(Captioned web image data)
▼
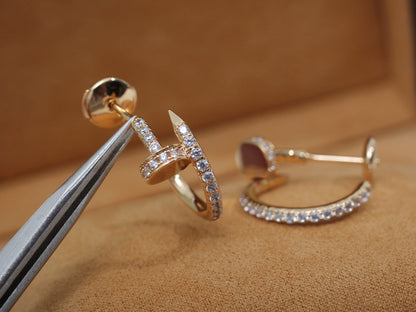 [⭐Sparkve]JUSTE EARRINGS 12.75MM PINK GOLD DIAMOND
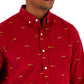 Club Room Men's Long-Sleeve Corduroy Fox PrinT-Shirt Red Size X-Large
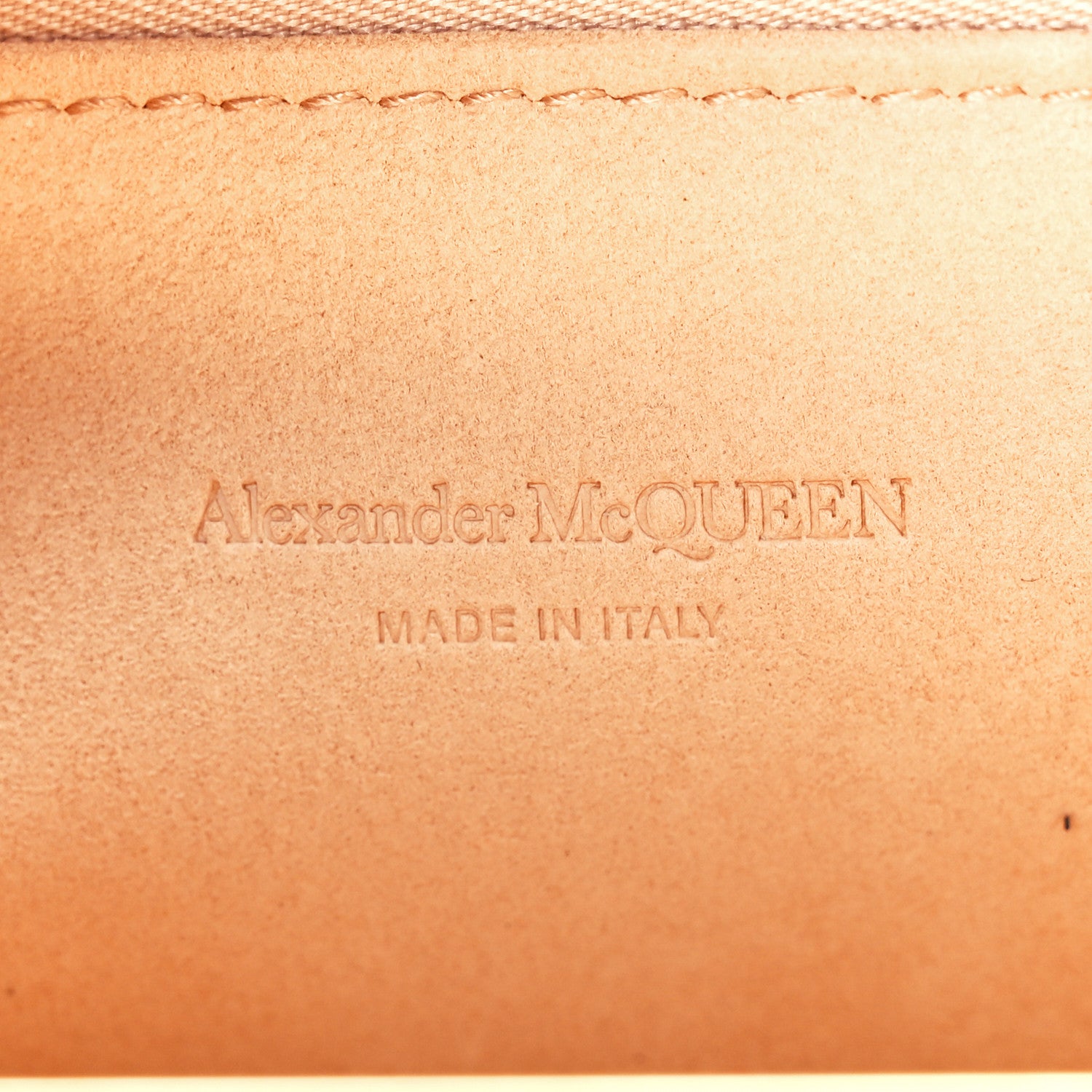 Alexander McQueen Calfskin Crocodile Embossed Knuckle Flat Clutch Black Gold 6 of 11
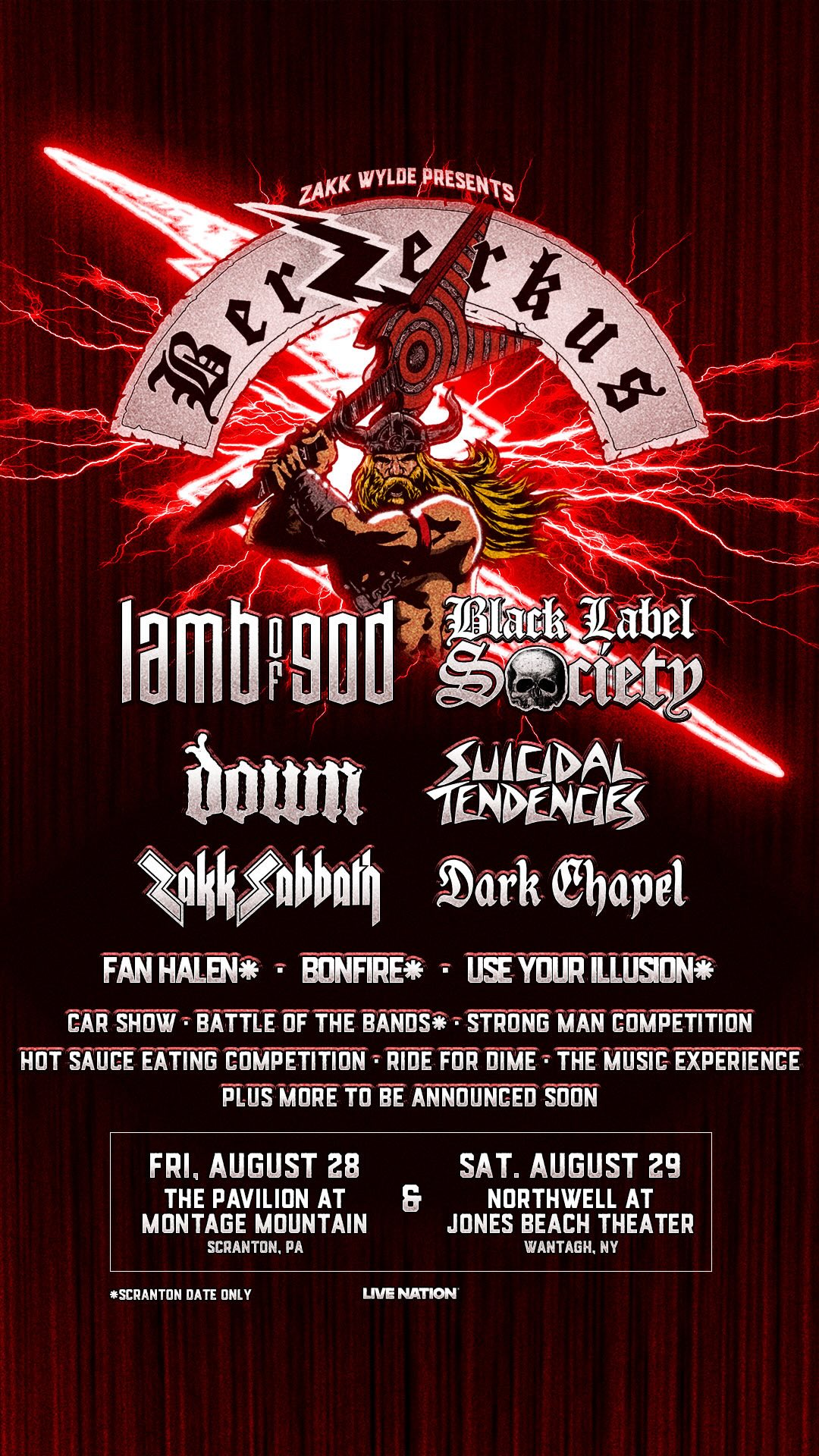Don't miss Down this August! BERZERKUS RETURNS! Featuring: Lamb of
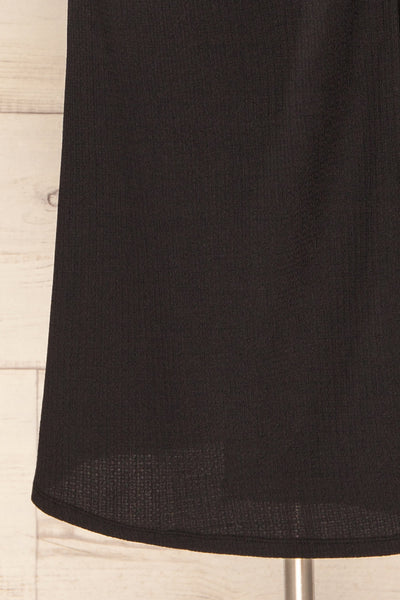 Belfort Black Textured Wrap Midi Dress | La petite garçonne bottom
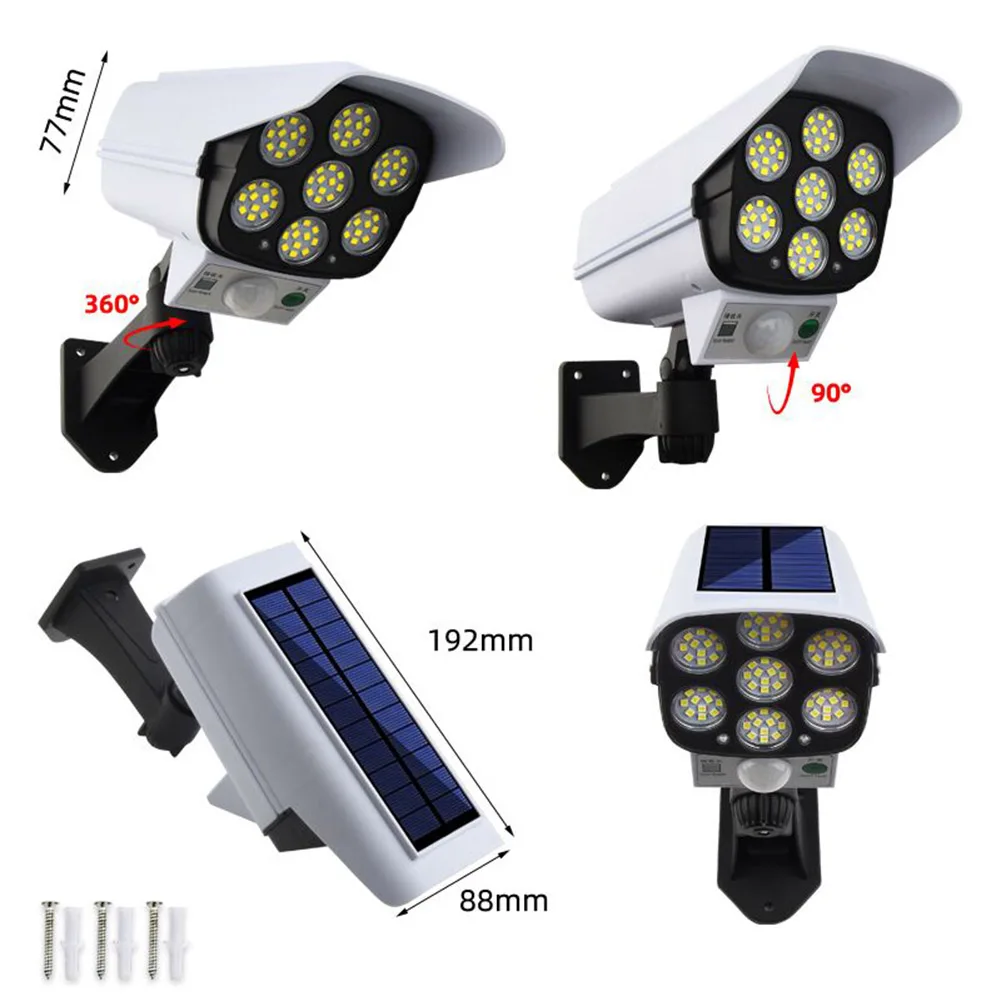 77 Led Solar Light 3 Mode Lamp Motion Sensor Security Dummy Camera Wireless Outdoor Flood Light IP65 Waterproof for Home Garden
77 Led Solar Light 3 Mode Lamp Motion Sensor Security Dummy Camera Wireless Outdoor Flood Light IP65 Waterproof for Home Garden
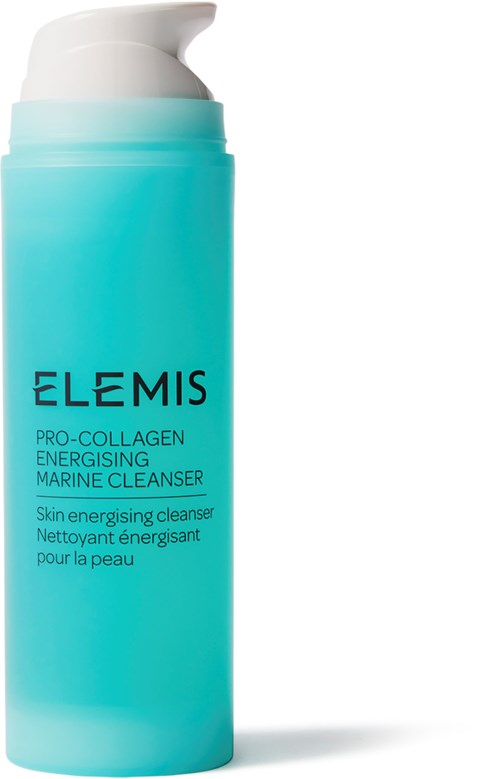 A light blue bottle of ELEMIS Pro-Collagen Energising Marine Cleanser with a white pump.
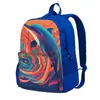 Rucksack, Motiv: Delphin, Abstraktion, Illustration, Herren, Polyester, Fahrradrucksäcke, langlebig, lustig, Schultaschen, Rucksack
▲
▸ **Requirement**: The lines from the one containing "A light blue" through the final line of the data are to be repeated exactly, with both ends included and all pictures left out.

▸ **Task response**:
 A light blue bottle of ELEMIS Pro-Collagen Energising Marine Cleanser with a white pump.
 Rucksack, Motiv: Delphin, Abstraktion, Illustration, Herren, Polyester, Fahrradrucksäcke, langlebig, lustig, Schultaschen, Rucksack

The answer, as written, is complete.